Pinned to its walls are rows of green angel cutouts, each with a child’s holiday wish written on it, waiting to be picked up. Just outside the doors, a fully decorated Christmas tree – aptly named the “Angel Tree” – stands at attention. This year, instead of the “PLANTing the Seeds” project, clubs have been given the opportunity to choose from and provide the items on these slips as part of a seasonal charity.
“It’s very important to me that NEHS be involved in service events that will benefit the community at large,” senior Mia Collado said. “The Angel Tree project will allow over 30 middle and elementary schoolers to have a special and fulfilled holiday, and I’m excited that NEHS will be able to help make that happen.”
Collado is the Senior President of NEHS and will be helping take care of eight of the angels, each one coming from a student attending Madison Middle School or Tampa Bay Elementary.

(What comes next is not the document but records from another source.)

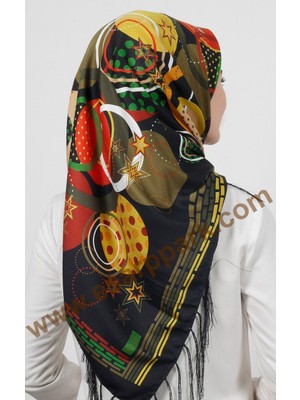 Eşarppark Piramit Püsküllü Eşarp 111-0024-13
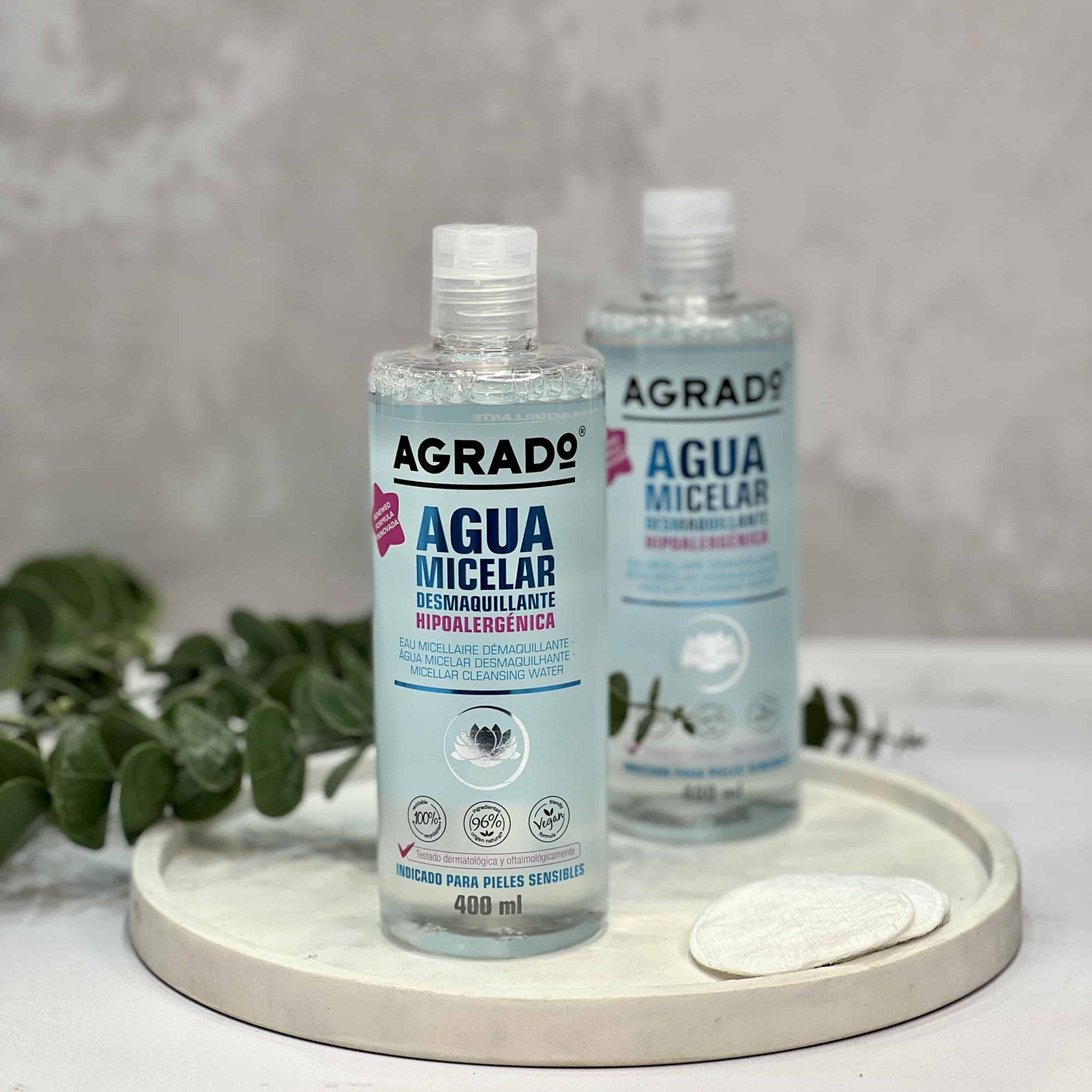 میسلار واتر و آرایش پاک کن برند آگرادو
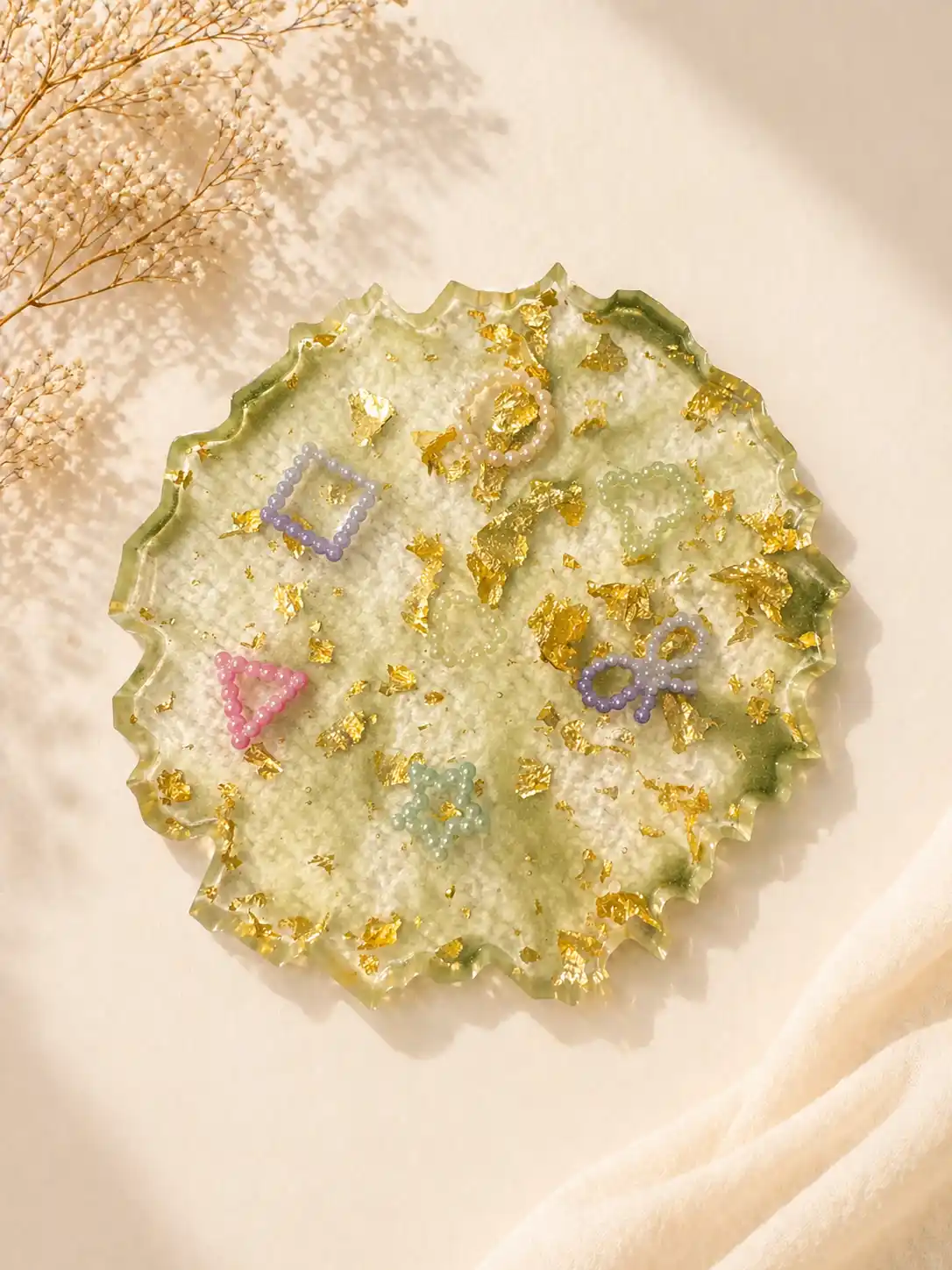 Resin Luxury Tea Coaster (6 Pcs)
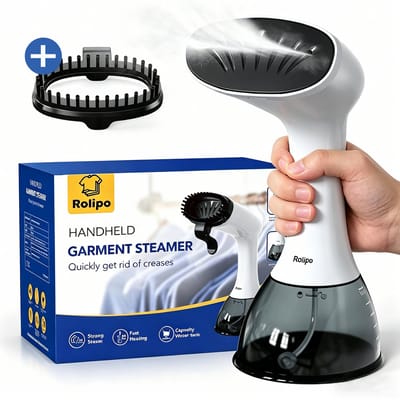 Rolipo Handstomer 1640W – Kledingstomer 400ml – Snel Opwarmen – Geschikt voor Alle Stoffen – Wit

Children involved in this program were selected on an individual basis and identified to be someone with the greatest potential to benefit from participating in an opportunity like this.
“Everyone should get something on Christmas,” senior and President of E-Board Hunter Owens said. “I think it’s great that – kind of why I like doing it – is that feeling you get from making other people happy. Hopefully, that appeals to people and encourages them to do it.
The project itself is a result of the collaboration between Bookkeeper Eileen Pelaez and social worker Leland Schardt, who proposed this project to the principal to alternate it with the “PLANTing the Seeds” event in the future.
“I want our students to be aware of what’s out in the community,” Pelaez said. “It brings tears to my eyes when I see our kids looking at these angels and really picking the gifts that they want to give.”
Each child benefitting from the project was allowed to write down four wishes, amounting to about 140-150 angel cutouts in total.
“Some kids wanted things as simple as a teddy bear, or chocolate – or slippers,” Schardt said. “Those are the things that really touch you to see, that these kids just want basic things that we all take for granted.”
Clubs who have adopted angels are to deliver their presents to the office no later than the morning of Dec. 18, and gifts will be delivered to their recipients throughout that week.
“I think we’re instilling in them at this age, as they go through life, to give – and it’s going to follow them through the rest of their lives,” Pelaez said.
With winter break just around the corner, projects like these continue to not only foster compassion and generosity in today’s youth but also strive to ensure that that the holiday season is just a little bit brighter for everyone involved.